Task instructions = Pictures must not appear in the copy. Restate exactly the lines below from the one with "Casa à venda" through the one with "Casa 45 Porto Hotell Exteriör bild", inclusive.

Dataset extract =
☆ ☆ ☆

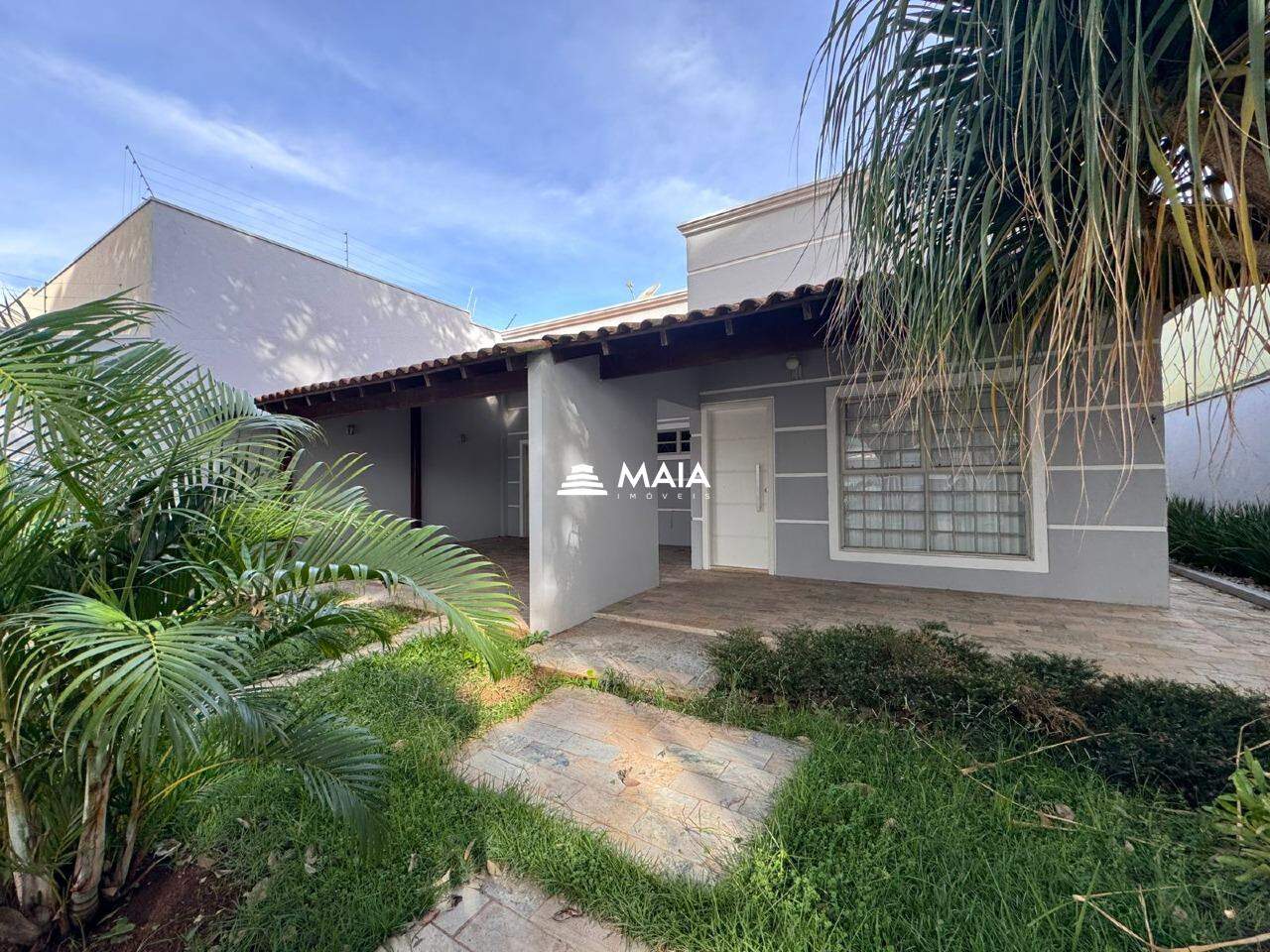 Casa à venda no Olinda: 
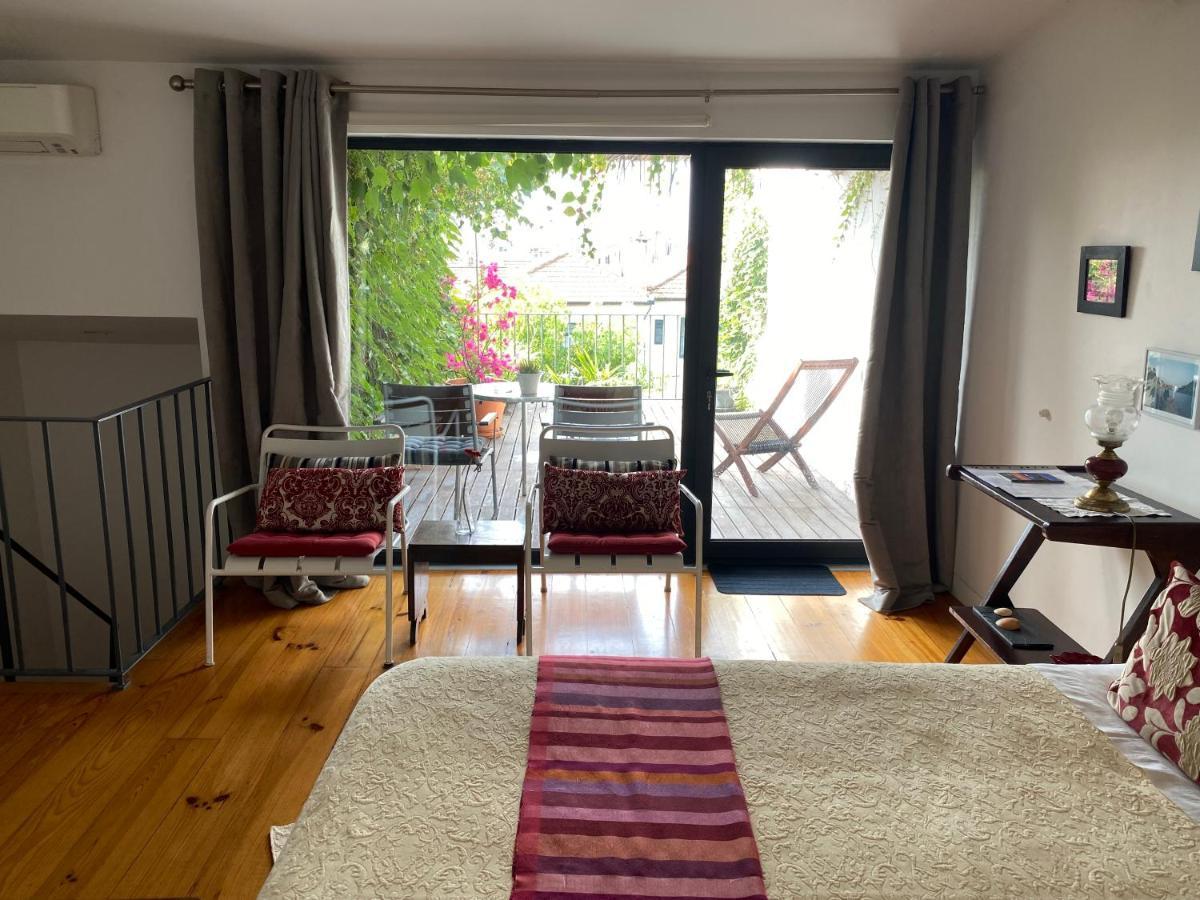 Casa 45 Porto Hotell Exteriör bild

☆ ☆ ☆

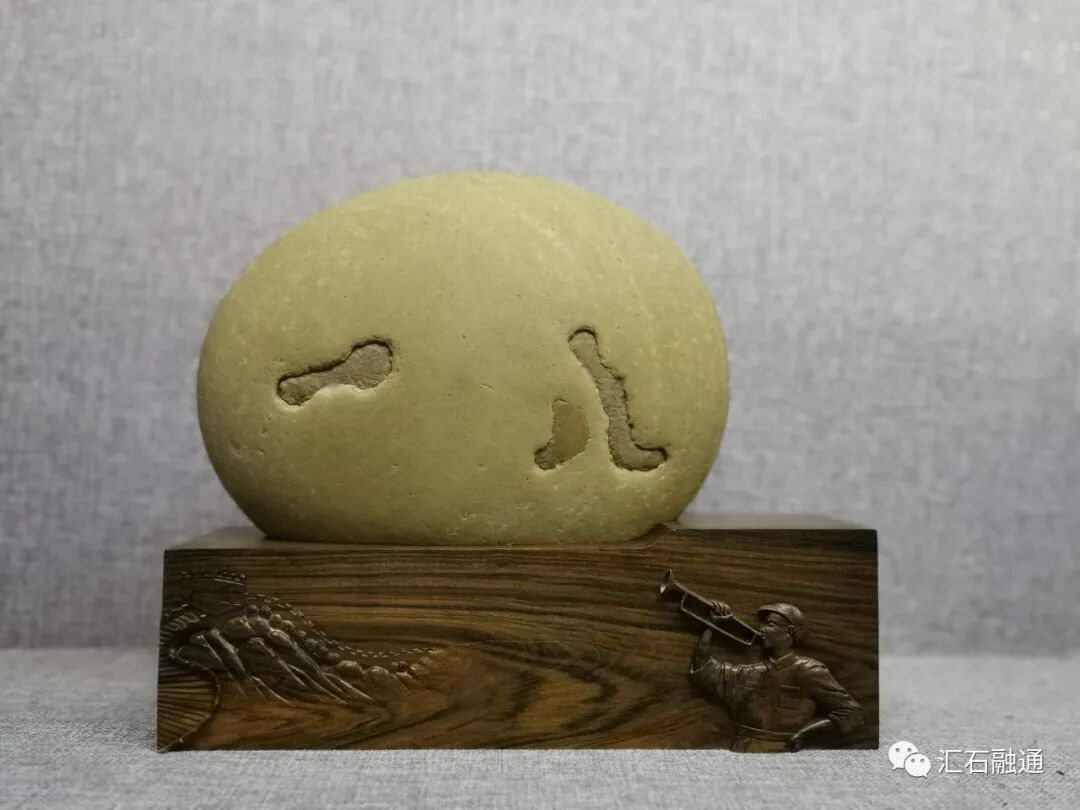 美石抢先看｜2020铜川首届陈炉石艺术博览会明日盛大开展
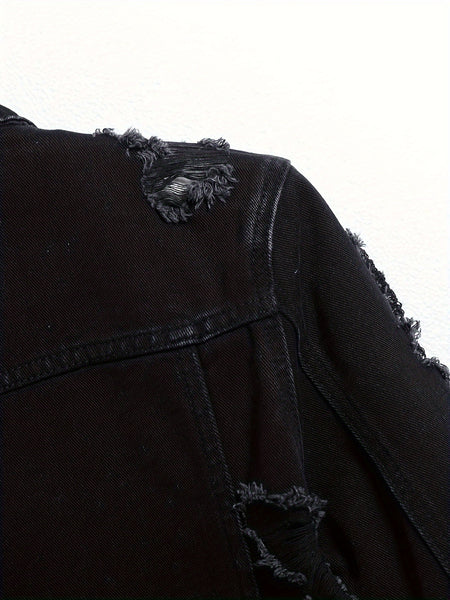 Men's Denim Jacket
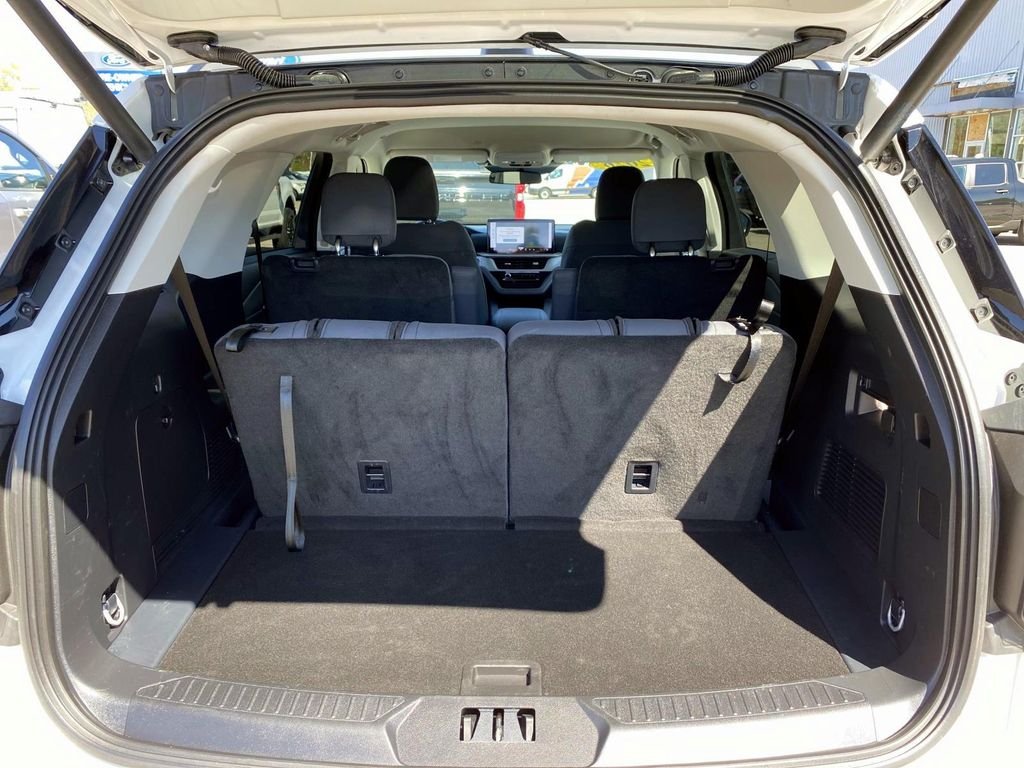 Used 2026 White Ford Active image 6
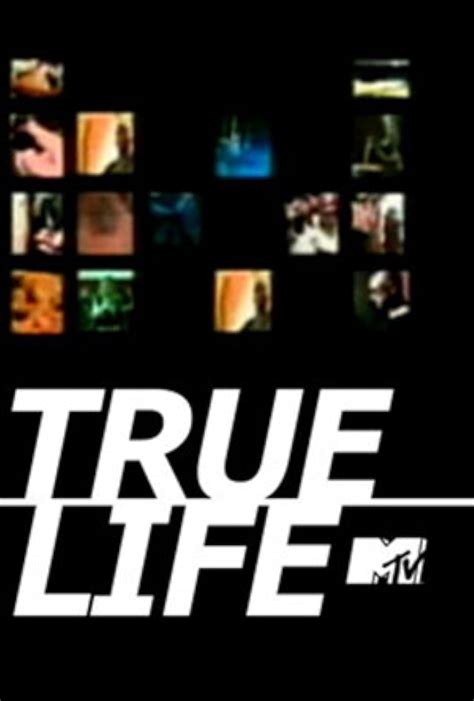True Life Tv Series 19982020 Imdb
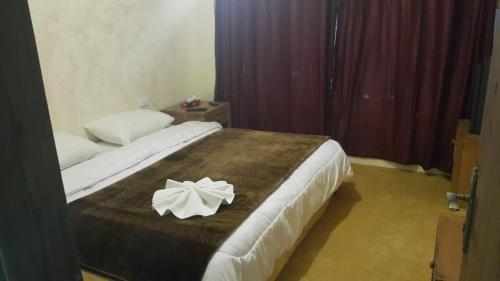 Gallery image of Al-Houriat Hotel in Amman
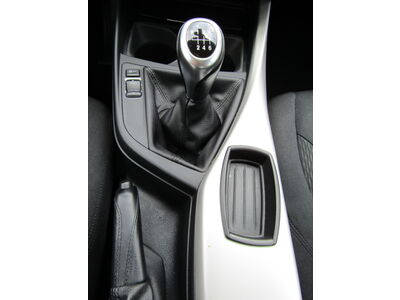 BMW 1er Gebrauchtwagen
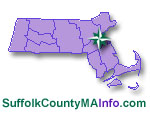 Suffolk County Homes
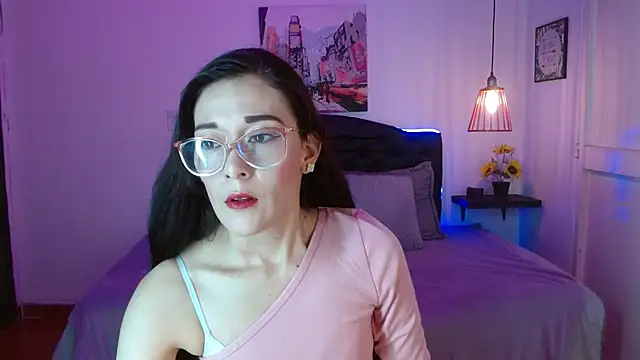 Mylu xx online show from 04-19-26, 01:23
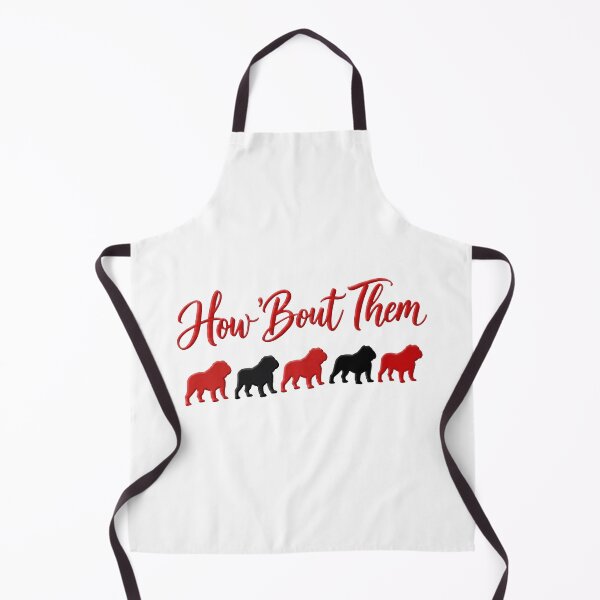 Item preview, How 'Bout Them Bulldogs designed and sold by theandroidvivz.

☆ ☆ ☆

Task output =
 Casa à venda no Olinda: 
 Casa 45 Porto Hotell Exteriör bild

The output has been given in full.